Context
Surfaced 2026-05-08 during PR #10940 (TestLifecycleHelper substrate migration) Cycle 1 review. Empirical full-unit-suite run (CI=true npm run test-unit, matches CI workers:1 substrate) showed test/playwright/unit/ai/mcp/server/github-workflow/PullRequestService.spec.mjs:250 flakes — passes on retry. This is a NEW surface, not in the prior Bucket G G5 triage matrix.
The Problem
Test getPullRequestDiff (#10748) › file parameter filters the diff output (line 250) flakes under workers:1. Specific failure shape needs empirical capture from a fresh CI run + log inspection — my Cycle 1 review ran the suite but the flake's first-attempt error wasn't pulled into evidence (Playwright reports flakes as "passed eventually" in summary; the failed attempt's trace is in test-results/ but not pulled).

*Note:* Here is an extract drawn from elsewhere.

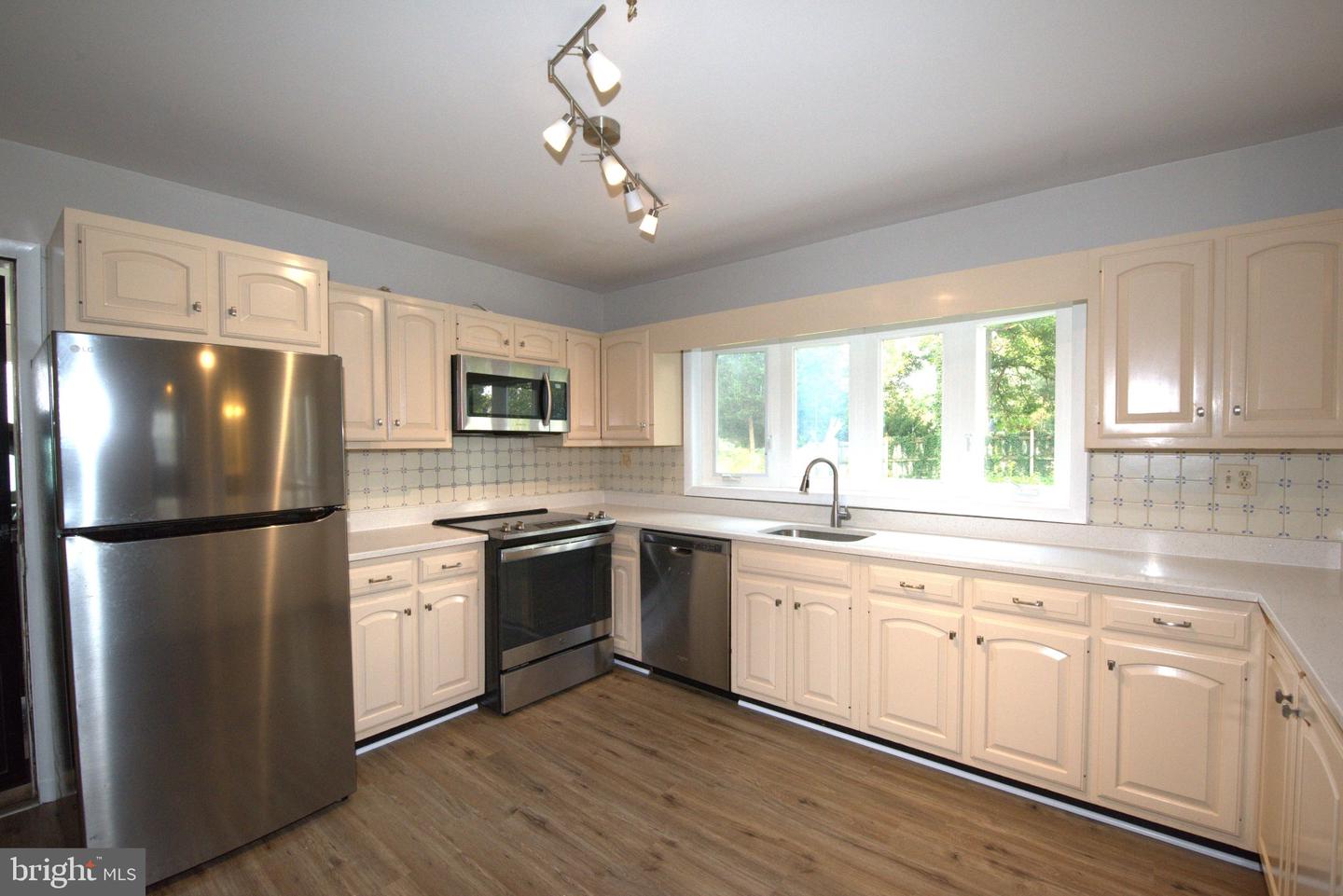 6933 Tyndale St Property Photo 14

Triage hypotheses (not yet empirically verified):
- Singleton state pollution from sibling github-workflow specs — DiscussionService.spec, ConfigCompleteness.spec, IssueService.spec, etc. all live under
ai/mcp/server/github-workflow and may share GraphqlService or similar singleton state. Same root-cause class as G5 patterns elsewhere.

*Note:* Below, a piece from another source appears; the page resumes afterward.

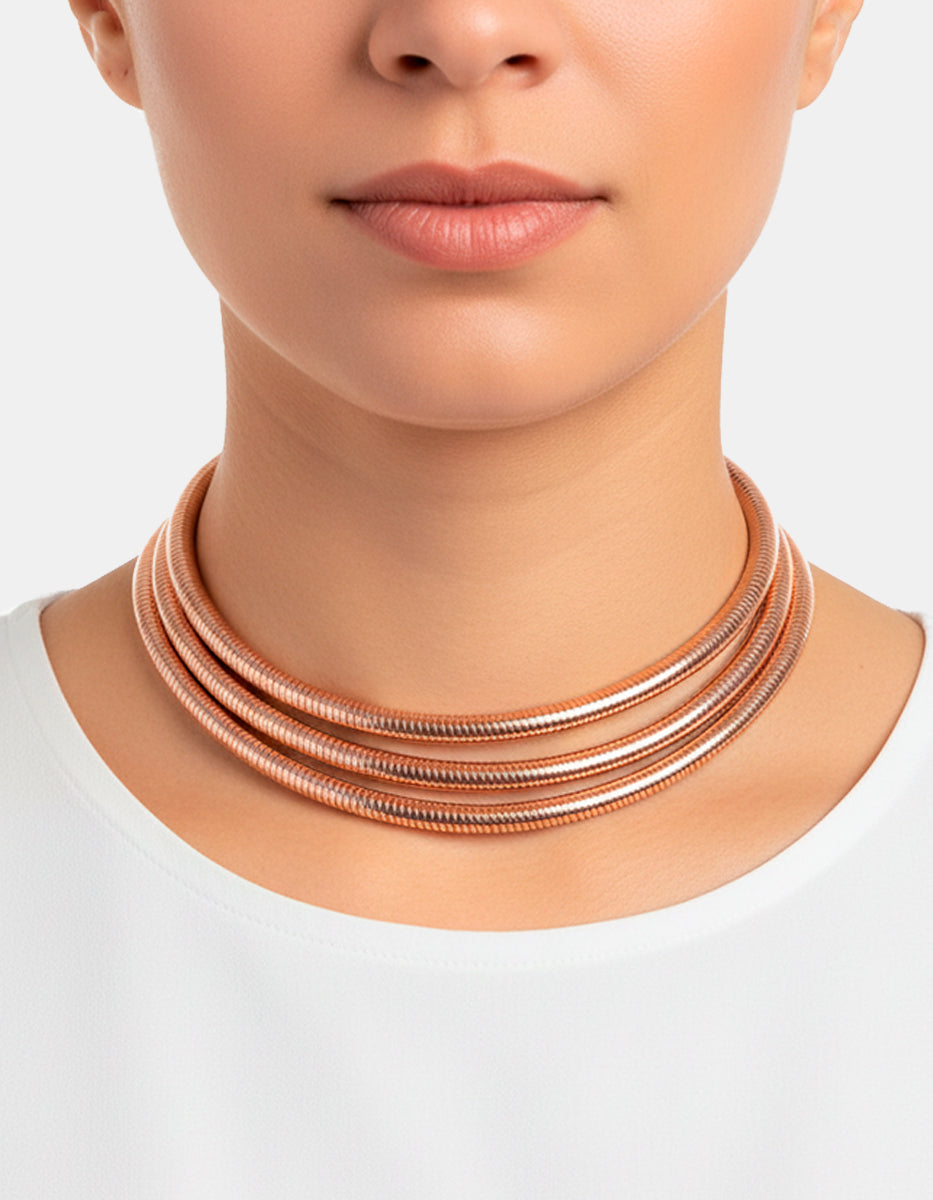 Gargantilla triple en bronce con baño de oro rosa Fenicia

- Race in GraphqlService.query mocking — the test likely overrides
GraphqlService.query for the test scenario; under fullyParallel-ish ordering with workers:1, sibling spec's cleanup may not restore the original query binding cleanly.
- Genuine race in
getPullRequestDiff file-parameter filtering logic — if hypothesis 1+2 both fail, this is an actual production race.
The Architectural Reality
test/playwright/unit/ai/mcp/server/github-workflow/PullRequestService.spec.mjs:250 — the flaky test (getPullRequestDiff #10748 file parameter filters the diff output)

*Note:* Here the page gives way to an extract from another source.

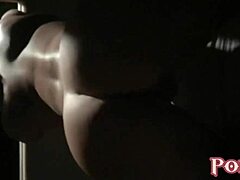 无套狂干他射满我逼黏糊糊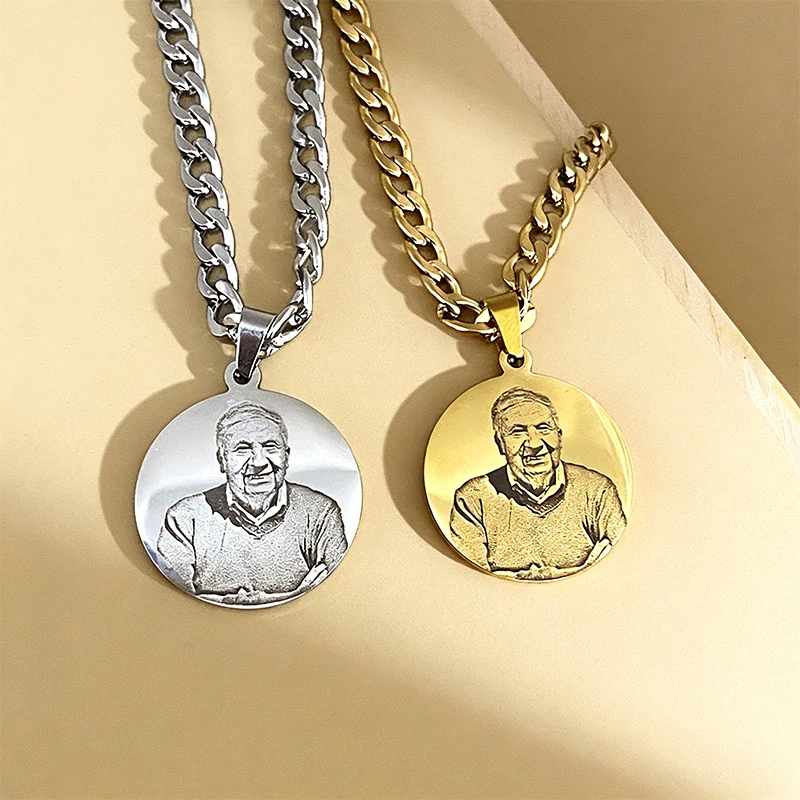 

Fashion Cuban Link Chain Custom Photo Pendant Necklace Stainless Steel Portrait Picture Personalized Choker Woman Man Necklace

ai/mcp/server/github-workflow/services/PullRequestService.mjs#getPullRequestDiff — the production target (added in #10748)
- Sibling github-workflow specs that share GraphqlService:
DiscussionService.spec.mjs (G5#1, fixed via #10929)
ConfigCompleteness.spec.mjs (G4 cascade, fixed via #10929)
IssueService.spec.mjs (Zod validator surface)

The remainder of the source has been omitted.